Legacy Binary Format:

  • Int16: magic number "OM"
  • Int8: version
  • Int8: compression type with filter
  • Float32: scalefactor
  • Int64: dim0 dim (slow)
  • Int64: dim0 dim1 (fast)
  • Int64: chunk dim0
  • Int64: chunk dim1
  • Array of 64-bit Integer: Offset lookup table
  • Blob: Data for each chunk, offset but the lookup table

New Binary Format:

  • Int16: magic number "OM"
  • Int8: version (now version 3)
  • Blob: Compressed data and lookup table LUT
  • Blob: Binary encoded variables
  • Int16: magic number "OM"
  • Int8: version (now version 3)
  • Int64: Offset of root variable
  • Int64: Size of root variable

Binary representation:

  • File header with magic number and version
  • File trailer with offsets and size of the root variable
  • Variable has attributes: date type (8bit), compression type (8bit), size_of_name (16bit), count_of_attributes (32bit)
  • Depending on data type followed by payload for a given data type
  • Followed by the name as string, and for each attribute the offset and size
  • Typically all compressed data is in the beginning of the file, followed by all meta data and attributes (streaming write without ever seeking back!)

Header message (Note: Legacy files also encode attributes for a 2 dimensional header here)

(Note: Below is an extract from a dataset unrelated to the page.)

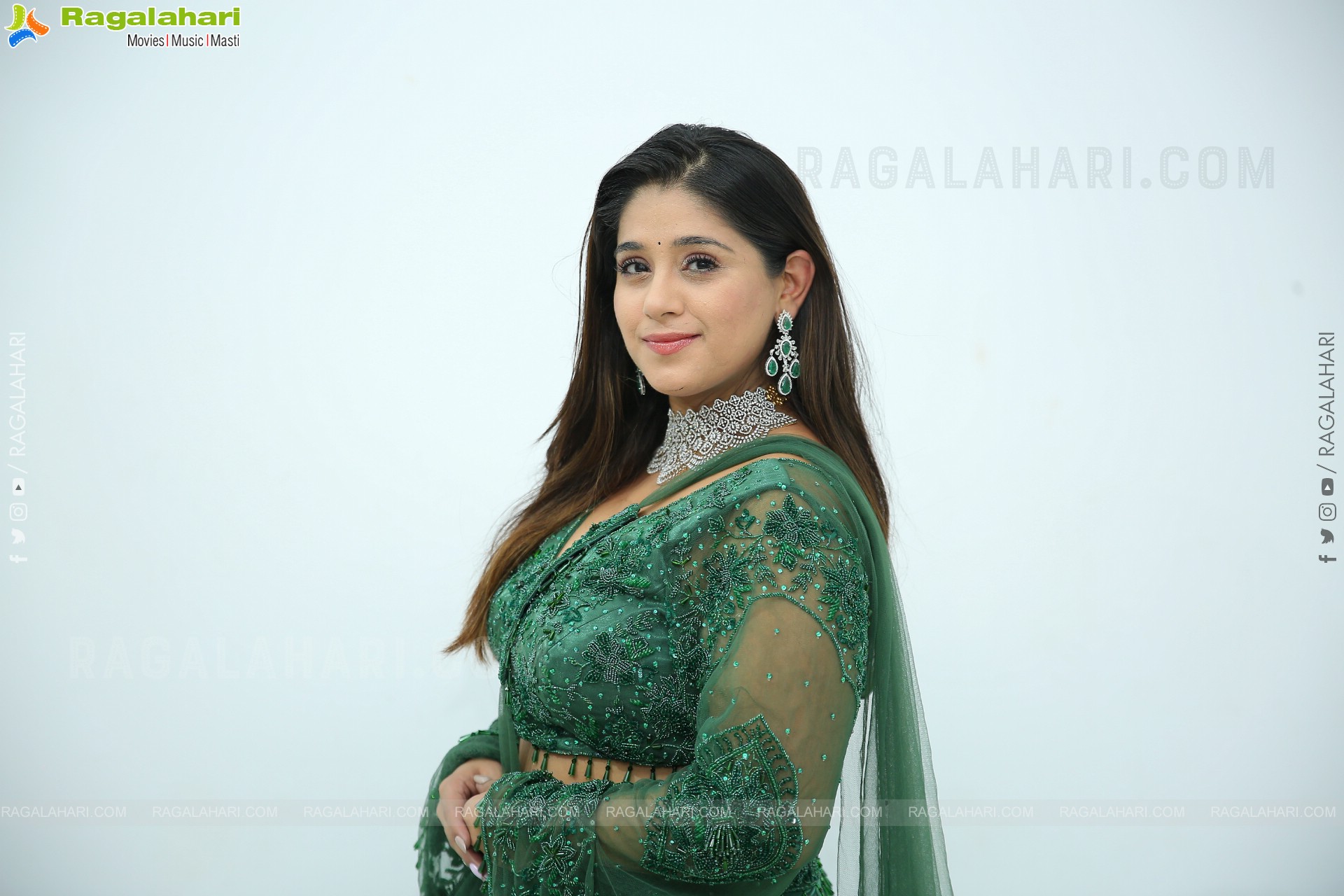 Chandni Bhagwanani Latest Stills, HD Gallery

Byte 1 Byte 2 Byte 3 Byte 4 Byte 5 Byte 6 Byte 7 Byte 8
Magic number "OM" Version

Trailer message:

Byte 1 Byte 2 Byte 3 Byte 4 Byte 5 Byte 6 Byte 7 Byte 8
Magic number "OM" Version Reserved
Size of Root Variable
Offset of Root Variable

Variable message:

Byte 1 Byte 2 Byte 3 Byte 4 Byte 5 Byte 6 Byte 7 Byte 8
Data Type Compression Type Size of name Number of Children
Size of Value / LUT (only arrays and strings)
Offset of Value / LUT (only arrays)
Number of Dimensions (only arrays)
Scale Factor (float, only arrays) Add Offset (float, only arrays)
N * Size of Child
N * Offset of Child
N * Dimension Length (only arrays)
N * Chunk Dimension Length (only arrays)
Bytes of value (scalar, string, not arrays)
Byte of name